WORK ITEM
Nothing should appear in the answer except the lines from the one with "adidas Tiro 21" through the end of the listing below, transcribed exactly and without pictures.

MATERIAL FOR THE TASK
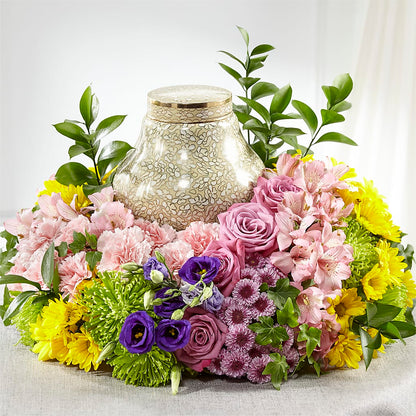 Rays of Hope Cremation Adornment – 175 MERCANTILE FLORAL & GIFT, Lake City IA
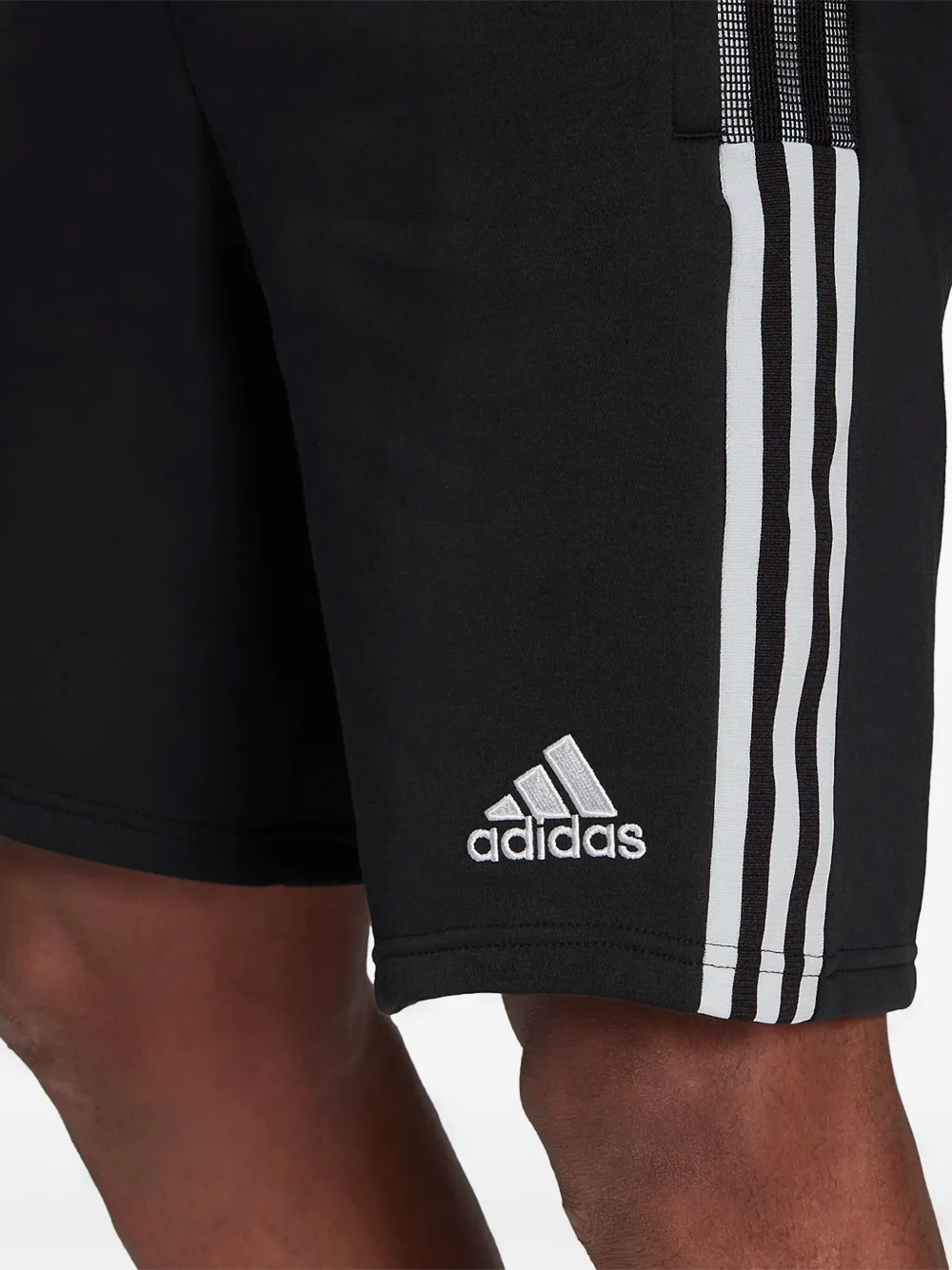 adidas Tiro 21 "Black" trainingsshorts Zwart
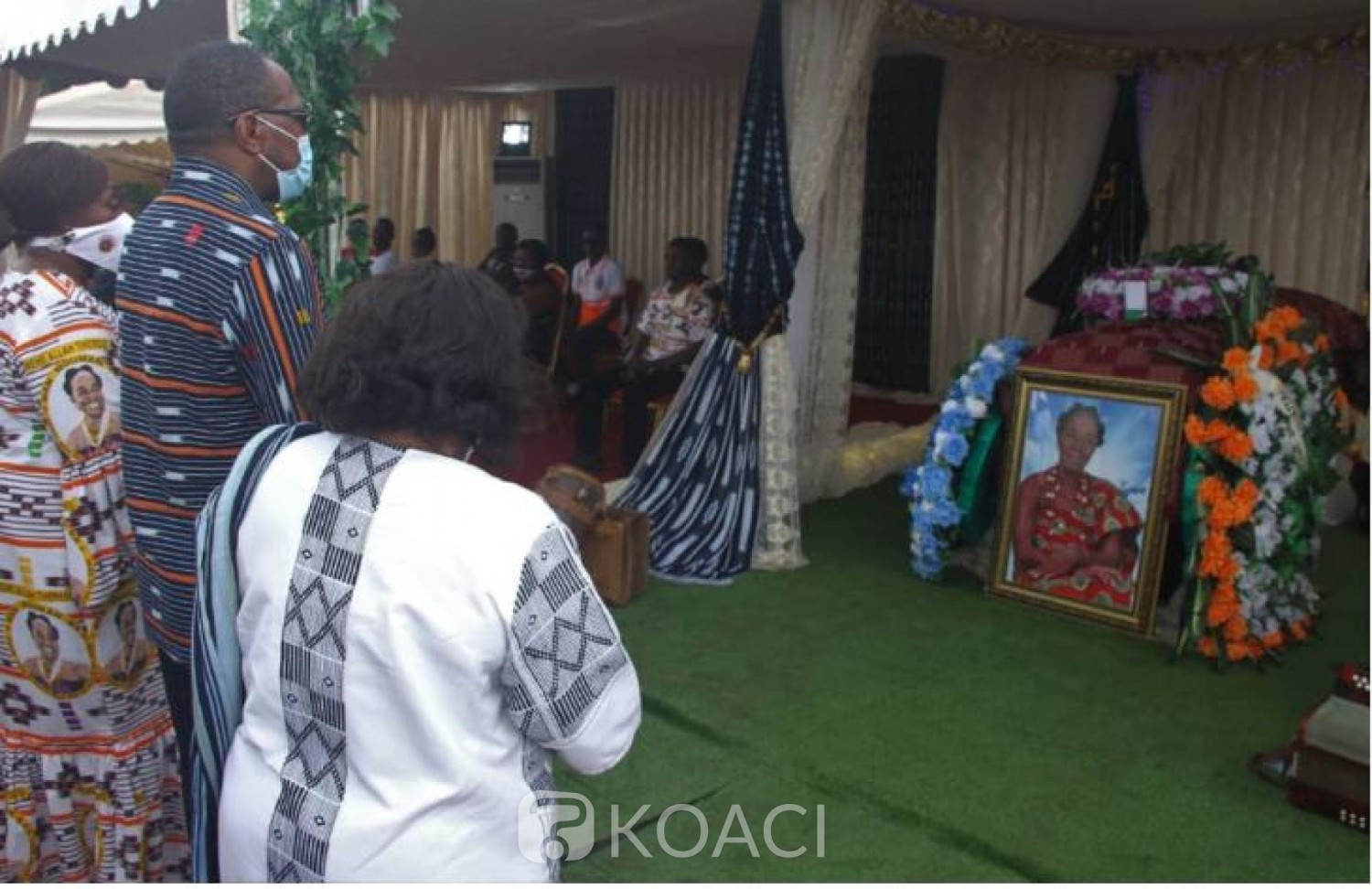 Côte d'Ivoire : Prétendu  « détournement »  des dons numéraires aux  obsèques d'Allah Thérèse, les précisions du Ministère de la Culture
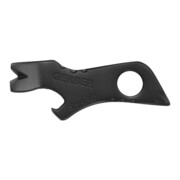 Fiskars Multi-Tool Shard Black Keychain Tool Card Tool Card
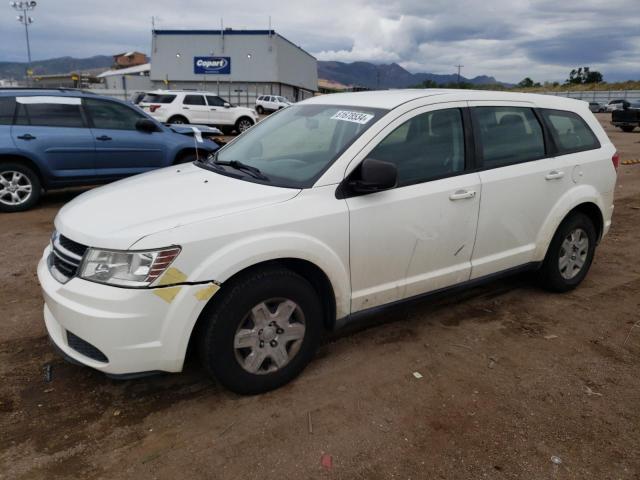 DODGE JOURNEY 2012 3c4pdcab4ct198500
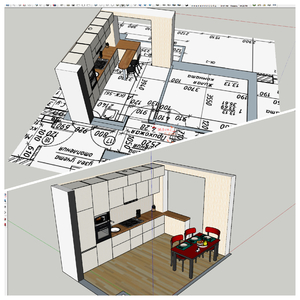 Перепланировка зданий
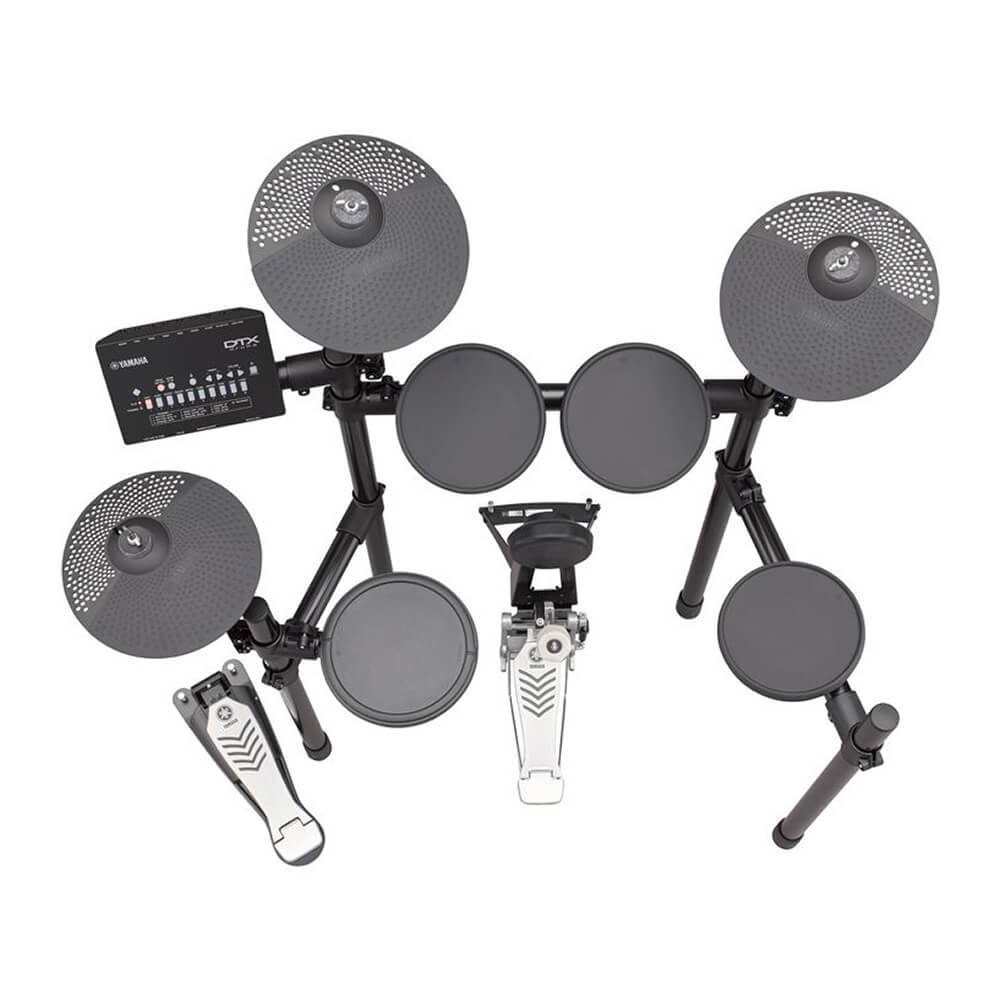 電子ドラム YAMAHA DTX432K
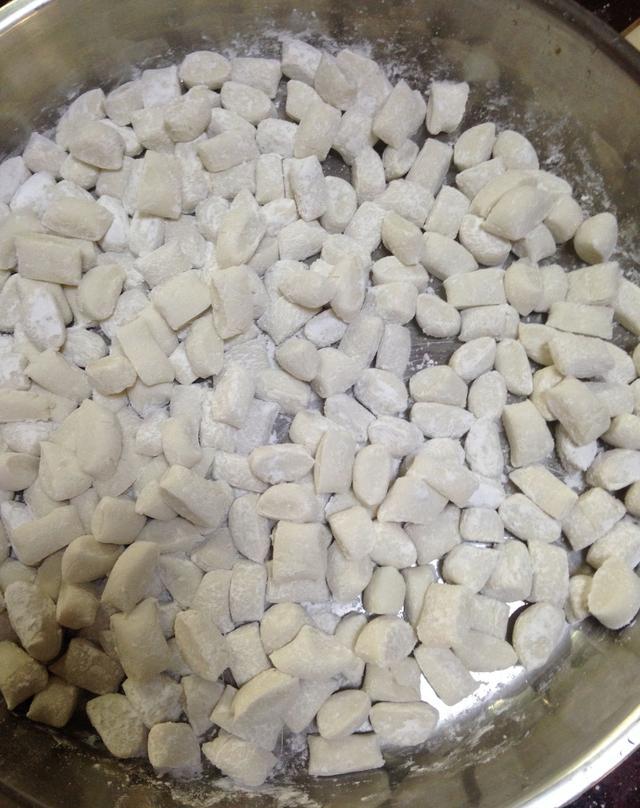 广东阳江的味道,手把手教你做正宗的阳江特色咸圆子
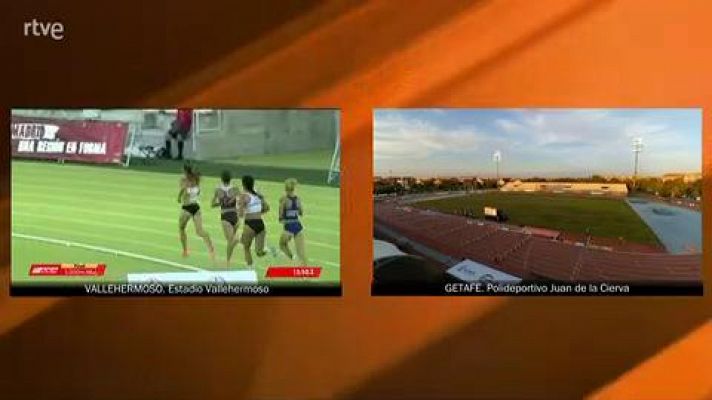 Atletismo - Marta Pérez, campeona de España de 5.000 metros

WRITTEN RESPONSE
 adidas Tiro 21 "Black" trainingsshorts Zwart
 Côte d'Ivoire : Prétendu  « détournement »  des dons numéraires aux  obsèques d'Allah Thérèse, les précisions du Ministère de la Culture
 Fiskars Multi-Tool Shard Black Keychain Tool Card Tool Card
 DODGE JOURNEY 2012 3c4pdcab4ct198500
 Перепланировка зданий
 電子ドラム YAMAHA DTX432K
 广东阳江的味道,手把手教你做正宗的阳江特色咸圆子
 Atletismo - Marta Pérez, campeona de España de 5.000 metros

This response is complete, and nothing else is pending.